I’m skilled at asking God to remove what I fear and parroting Jesus’s prayer, “Not my will but yours.” In the past when I uttered his prayer, I sensed it was a scheme to trick God into giving me what I wanted. If I prayed like Jesus then maybe God would remove the cup of my impending suffering. In this instance, I did something different. I imagined every loss and as sincerely as possible told God if it was his will, I would embrace it. And I meant it.
A few nights later, while praying, I had a vision–whether it came from my imagination or from God–I don’t know for sure. But I believe it was from God because it has delivered me and others from fear. I suspect it will also deliver you if you’ll put it into practice.

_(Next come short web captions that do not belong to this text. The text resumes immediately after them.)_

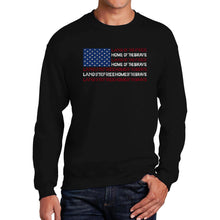 Load image into Gallery viewer, Land of the Free American Flag  - Men&#39;s Word Art Crewneck Sweatshirt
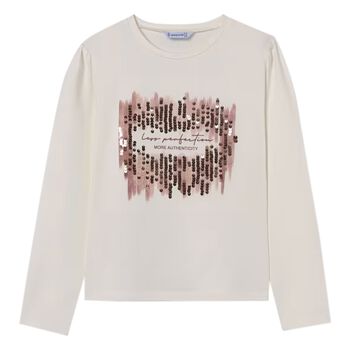 Girls Ivory Sequins Long Sleeve Top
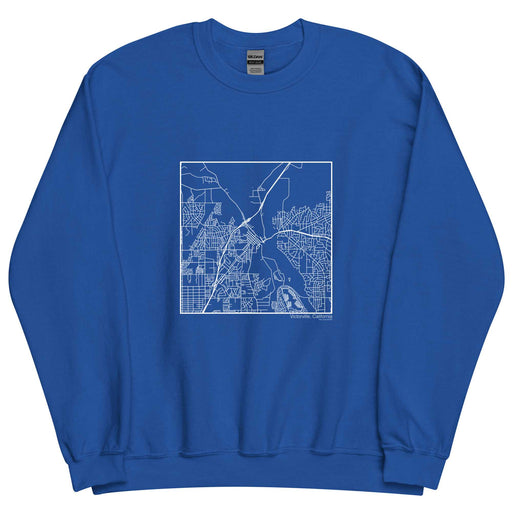 Victorville California  Map Unisex Crewneck Sweater with City inscription in Royal Blue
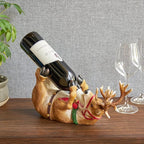 True Reindeer Polyresin Wine Bottle Holder - Table Top and Counter Wine Rack, Animal Home Decor, Set of 1, Brown, Holds 1 Standard Wine Bottle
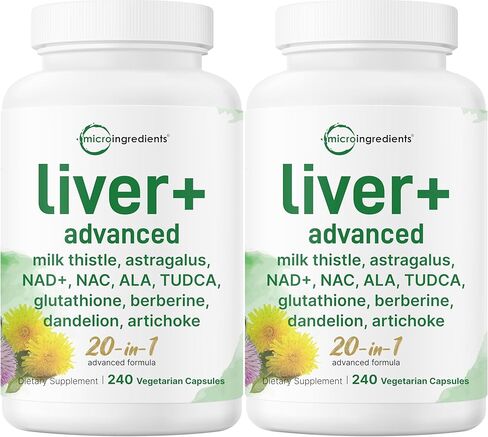 Liver Detox, 480 Veggie Capsules | 20-in-1 Advanced Complex + Milk Thistle, Dandelion, NAD, NAC, ALA, TUDCA, Glutathione, Artichoke, Turmeric, & Astragalus | Liver Cleanse & Repair Supplement in Saudi Arabia
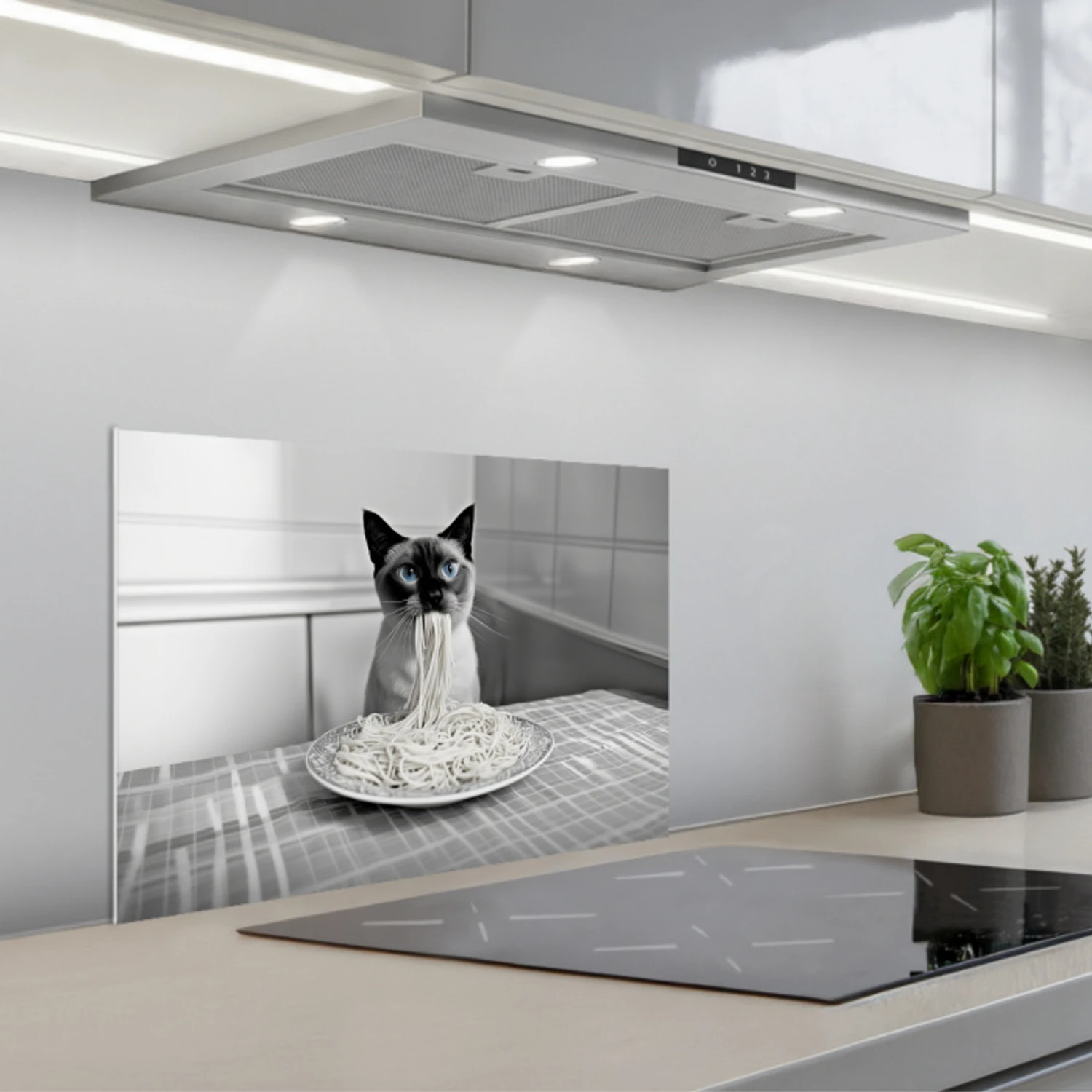 Kat - Siamees - Zwart Wit - Schattig - Dieren keuken achterwand spatscherm klein -3d_schuin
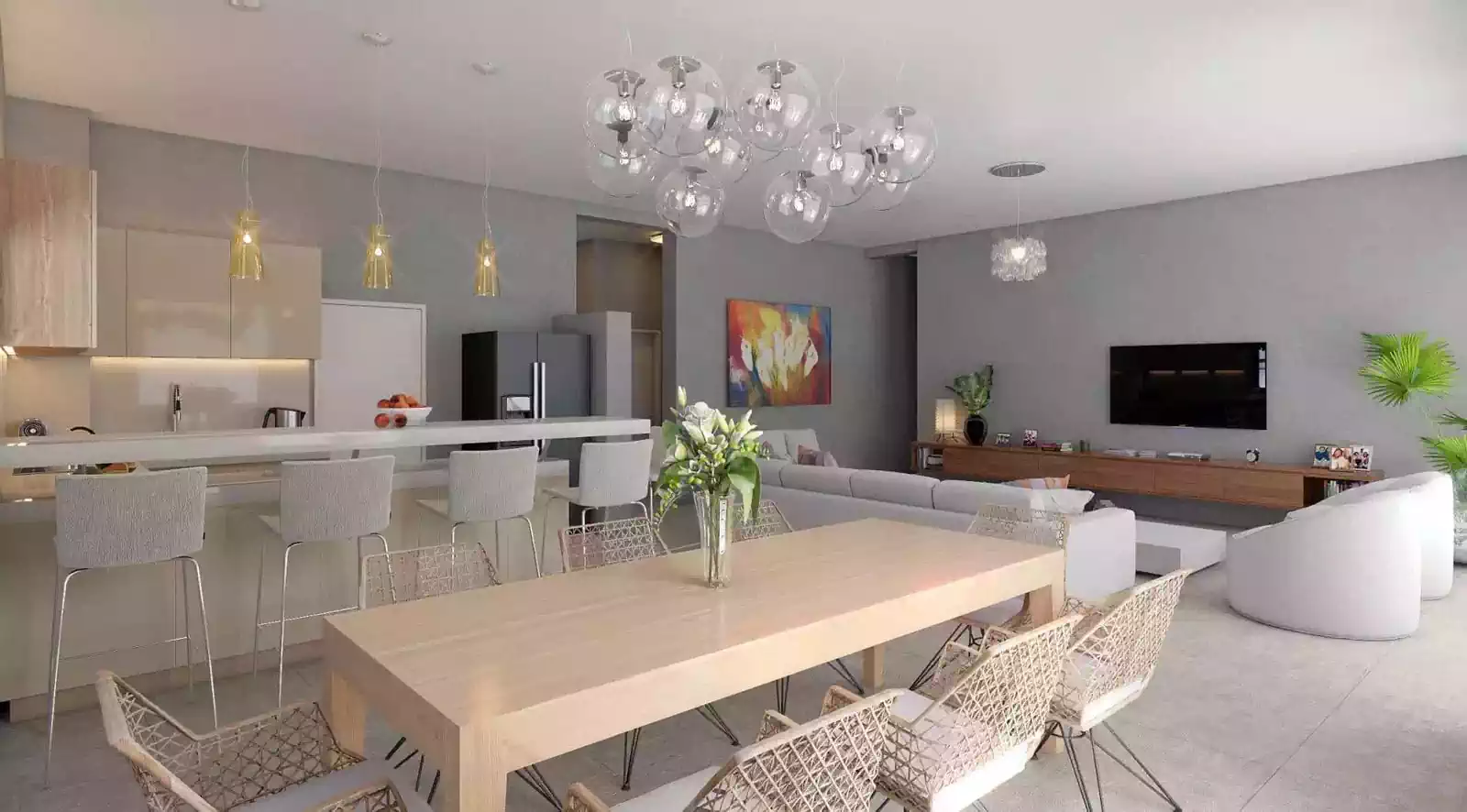 Stunning dining area in luxury contemporary villa in residential complex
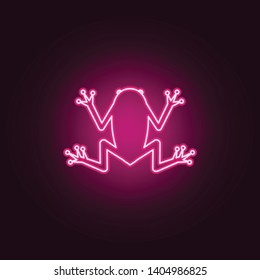 Lab frog neon icon. Elements of Sciense set. Simple icon for websites, web design, mobile app, info graphics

In the vision I was a charioteer holding the reins to over twenty horses. All of the horses on the left of the chariot were black, wild, and crazy. When they looked my way their mouths foamed and their eyes had an insane glassy look. The horses to the right were white and powerful. I knew the crazy horses were my negative emotions and the toxic thoughts that fed them. Those to my right were the fruit of the spirit–love, joy, peace, patience, kindness, goodness, gentleness, faithfulness, self-control–and my positive personality traits along with my greatest dreams.
As the horses pulled me across the field, the black horse on the left of the others began to grow. Suddenly he pulled the others to the left. Instantly, and without a thought of resistance, I allowed all of the horses, along with the chariot, to follow the horse I knew was named FEAR.
That’s when I realized Jesus stood to my right. He was my co-charioteer. As I blindly followed fear he wrapped his hands over mine and said, “You control the horses, they don’t control you. Pull it back. Get it under control.” I knew I couldn’t. That’s when he tightened his grip, infused me with stunning power and enabled me to gain control and direct the chariot in the direction I wanted it to go.
As I continued praying, I realized my emotions are not me. They are a part of me. The only power fear has in my life is the power I give it. The same is true of emotions like anxiety, anger, jealousy, lust, discontentment, self-pity, regret and a host of other horses that that are hooked to my chariot.
When I allow fear to run off without keeping it in check, all of me–the best of me along with my dreams–follows where it leads.
In the power of Christ, you can take control of your emotions and experience the abundant life he promised in John 10:10. Next week, in “Fear Buster 2,” I’ll share with you a spiritual exercise that has changed my life and could change yours too.
Thank you for this message, Bill. As I approach 40 I have realized that fear has taken root in my life from a very young age and I’m about fed up with it. I’m ready to pick up those reigns with the help of Christ and take control of my life away from the fear that the enemy has continuously tripped me up with.
That’s really good and helpful Bill. Thanks a lot.